An isobaric process is a thermodynamic process in which the pressure remains constant. This is usually obtained by allowing the volume to expand or contract in such a way to neutralize any pressure changes that would be caused by heat transfer.
The term isobaric comes from Greek iso, meaning equal, and baros, meaning weight.
In an isobaric process, there are typically internal energy changes. Work is done by the system, and heat is transferred, so none of the quantities in the first law of thermodynamics readily reduce to zero. However, the work at a constant pressure can be fairly easily calculated with the equation:
W = p * Δ V
Since W is the work, p is the pressure (always positive) and ΔV is the change in volume, we can see that there are two possible outcomes to an isobaric process:
- If the system expands (ΔV is positive), then the system does positive work (and vice versa).
- If the system contracts (ΔV is negative), then the system does negative work (and vice versa).
Examples of Isobaric Processes
If you have a cylinder with a weighted piston and you heat the gas in it, the gas expands due to the increase in energy. This is in accordance with Charles' law - the volume of a gas is proportional to its temperature. The weighted piston keeps the pressure constant. You can calculate the amount of work done by knowing the change of volume of the gas and the pressure. The piston is displaced by the change in volume of the gas while the pressure remains constant.
If the piston was fixed and didn't move as the gas was heated, the pressure would rise rather than the volume of the gas.
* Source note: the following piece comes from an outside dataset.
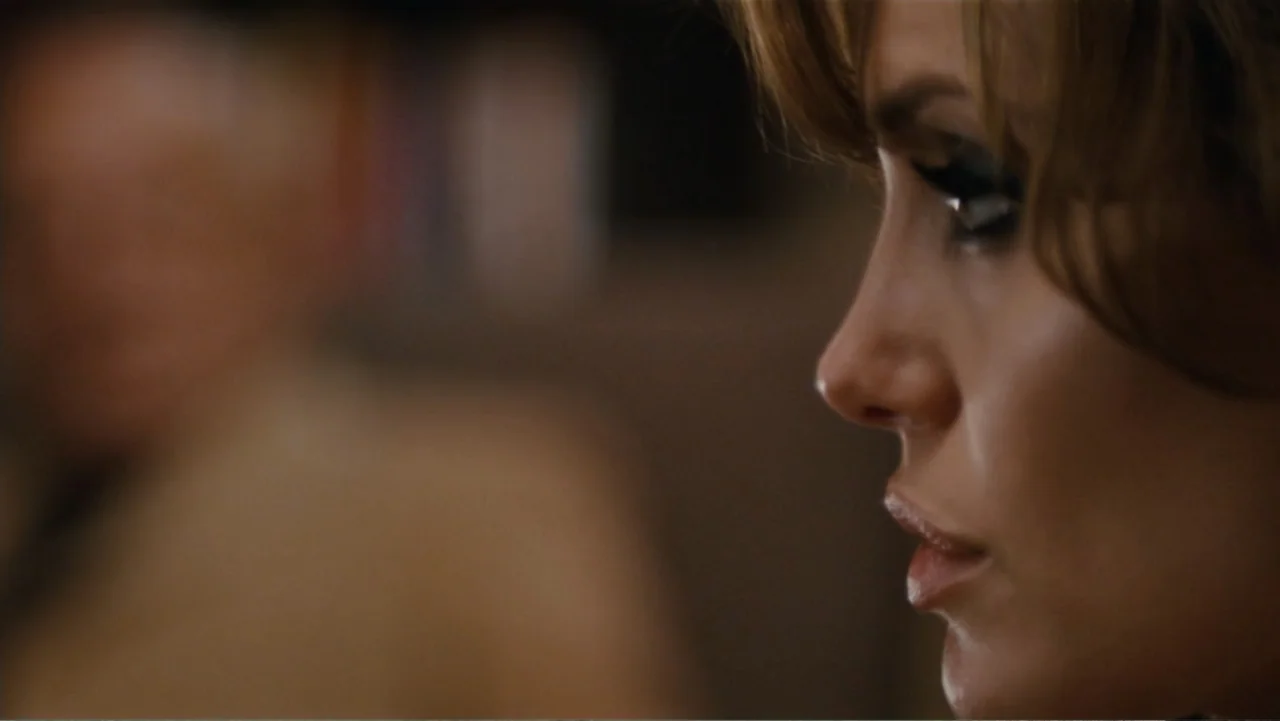 The Tourist (2010) movie still: closeup — An interior space with a blurred, out-of-focus figure in the background. A woman is seen in a close-up…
This would not be an isobaric process, as the pressure was not constant. The gas could not produce work to displace the piston.
If you remove the heat source from the cylinder or even place it into a freezer so it lost heat to the environment, the gas would shrink in volume and draw the weighted piston down with it as it maintained constant pressure. This is negative work, the system contracts.
Isobaric Process and Phase Diagrams
In a phase diagram, an isobaric process would show up as a horizontal line, since it takes place under a constant pressure. This diagram would show you at what temperatures a substance is solid, liquid, or vapor for a range of atmospheric pressures.
In thermodynamic processes, a system has a change in energy and that results in changes in pressure, volume, internal energy, temperature, or heat transfer. In natural processes, often more than one of these types are at work at the same time. Also, natural systems most of these processes have a preferred direction and are not easily reversible.
- Adiabatic process - no heat transfer into or out of the system.
- Isochoric process - no change in volume, in which case the system does no work.
- Isobaric process - no change in pressure.
- Isothermal process - no change in temperature.